With his explosive, craft style of play on the offensive end, Harper began to draw attention from college programs seeking his talents, including BU. Former Terrier assistant coach Steve Greeley and current assistant coach Albie O’Connell watched Harper play in amateur hockey over the summer of 2014.
“[They] fell in love with him,” Quinn said. “I remember them coming to me and saying ‘We got to take this kid Harper.’ They were sold on him. Obviously he fits the style we want to play.”
It wouldn’t take long for BU to lock down Harper, who committed to the Terriers in September 2014. Then, about halfway through last season, after losing former commit and current University of Connecticut forward Maxim Letunov, Quinn and his staff knew they needed Harper’s skill at Agganis Arena as soon as possible.
“We had a spot for him [this year], and a spot in a significant role,” Quinn said. “Just the way he progressed and the way he got better and better, when you commit to someone young, sometimes they progress faster than you think, and that’s kind of what happened with him. We knew he was going to be able to come in here and contribute right away.”
While Harper’s talent was never doubted, he was often overshadowed by the likes of Keller and Bellows, who dominated for the U.S. NTDP last year.
Perhaps that’s why Harper’s play comes as a surprise to the Terrier faithful; it certainly came as a surprise to those who know Harper well.
“No,” Gardner said when asked if he expected his former captain to excel so soon. “To be honest with you, I didn’t. I thought he would be a very effective college player at BU if used correctly. But I think playing him with the right people is the key. People that can complement him and he can complement them, that’s the key.”
Quinn echoed Gardner’s thoughts on Harper playing with the right people, saying he really wanted him on the roster this year because of their immense front-line talent.
“We thought playing with good players, better players than he’s ever played with, was going to work to his strengths,” Quinn said. “I’d probably be lying if I thought he’d get off to the blazing start he’s had point-wise, but he’s also had some puck-luck and he plays with good players. He’s earned everything he’s gotten.”

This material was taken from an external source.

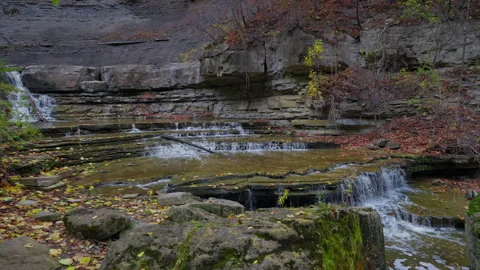Tiered Limestone Waterfall Cascading over Bedrock Ledges in Autumn Woods 스톡 동영상 348242919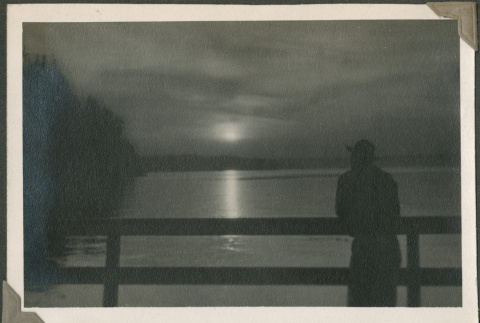 A man looking at a sunset (ddr-densho-201-866)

It helps that the crafty forward is also one of the hardest workers around, but he credits the upperclassmen for helping him get off to this hot start.
“They’ve been unbelievable so far,” Harper said. “The senior leadership is just very lead-by-example type and they’re very serious out there and they want the best for each kid. They’re very welcoming to the underclassmen, it’s just really been a blast so far.”
Of course, it’s going to take more than a couple of nice games from Harper for this Terrier team to break through and make a deep run come April. BU was swept by No. 2 University of Denver just a few weeks back, suggesting that the Terriers aren’t quite where they want to be yet.
The good news is that it’s a long season and there’s plenty of time to improve, something that Quinn fully expects the promising playmaker to do. He may not have been the most highly-touted BU recruit this year, but his impact and work ethic cannot be ignored.
“Off the ice, we don’t have anyone more dedicated,” Quinn said. “He approaches hockey like a pro. He takes it very seriously, he’s 100 percent committed away from the rink. I think you see the benefits on the ice.”